SUPPLIED MATERIAL:
════════════════

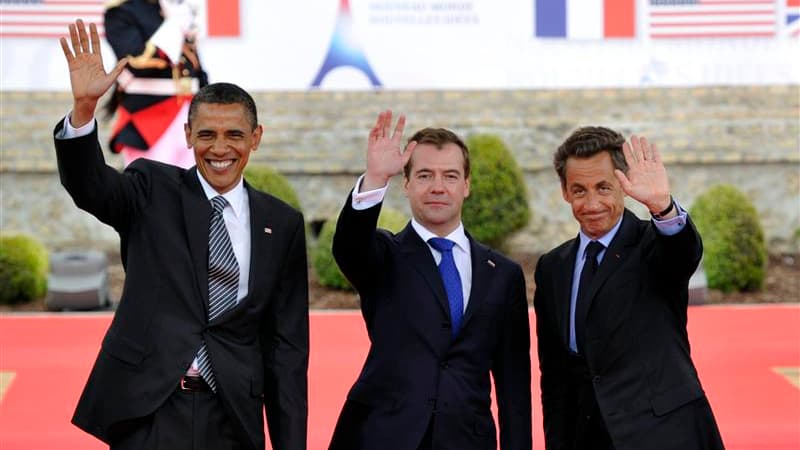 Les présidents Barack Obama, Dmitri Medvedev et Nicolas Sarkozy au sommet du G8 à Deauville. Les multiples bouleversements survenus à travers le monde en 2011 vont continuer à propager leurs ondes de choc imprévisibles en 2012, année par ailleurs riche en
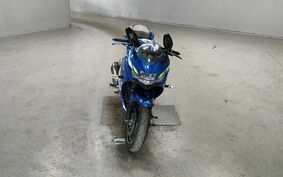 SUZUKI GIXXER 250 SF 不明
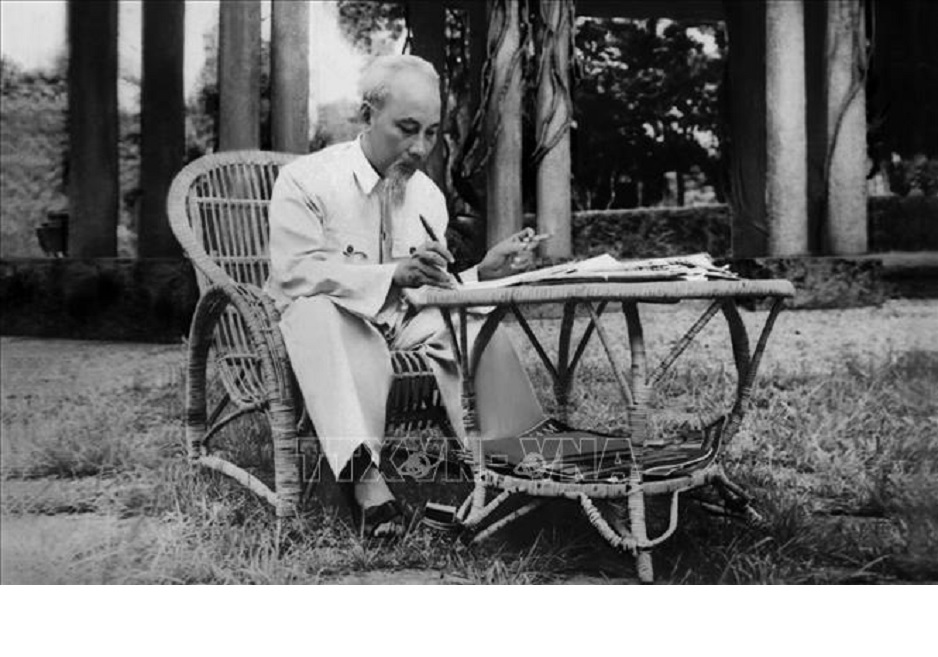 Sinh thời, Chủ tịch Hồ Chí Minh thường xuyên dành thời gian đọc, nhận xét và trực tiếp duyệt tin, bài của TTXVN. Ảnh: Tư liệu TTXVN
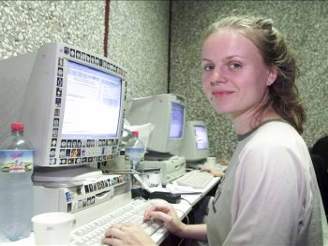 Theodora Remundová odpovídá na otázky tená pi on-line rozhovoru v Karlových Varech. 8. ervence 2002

════════════════

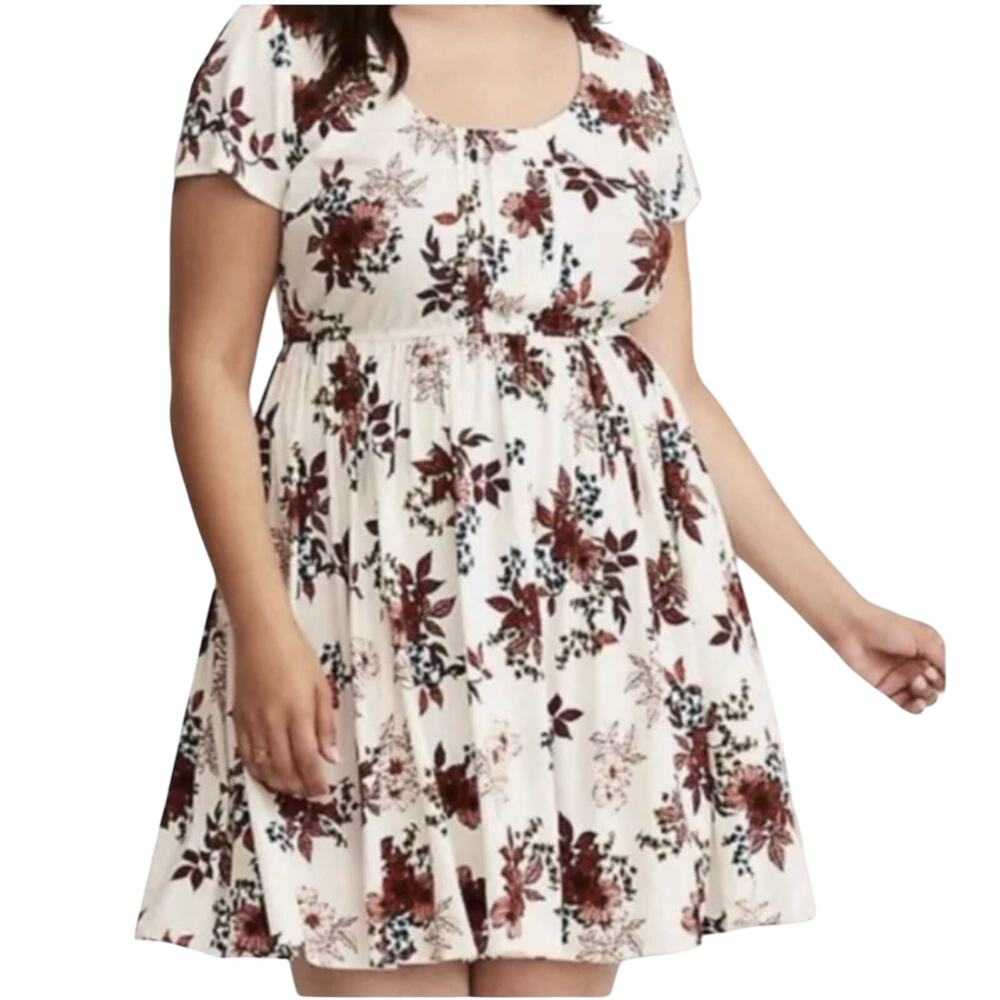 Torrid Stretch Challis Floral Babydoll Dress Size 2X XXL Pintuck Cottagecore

════════════════

Going by the data above, give back only the lines from the one containing "Les présidents Barack" through the one containing "Theodora Remundová odpovídá", exactly as they stand, both ends included and no images.

 Les présidents Barack Obama, Dmitri Medvedev et Nicolas Sarkozy au sommet du G8 à Deauville. Les multiples bouleversements survenus à travers le monde en 2011 vont continuer à propager leurs ondes de choc imprévisibles en 2012, année par ailleurs riche en
 SUZUKI GIXXER 250 SF 不明
 Sinh thời, Chủ tịch Hồ Chí Minh thường xuyên dành thời gian đọc, nhận xét và trực tiếp duyệt tin, bài của TTXVN. Ảnh: Tư liệu TTXVN
 Theodora Remundová odpovídá na otázky tená pi on-line rozhovoru v Karlových Varech. 8. ervence 2002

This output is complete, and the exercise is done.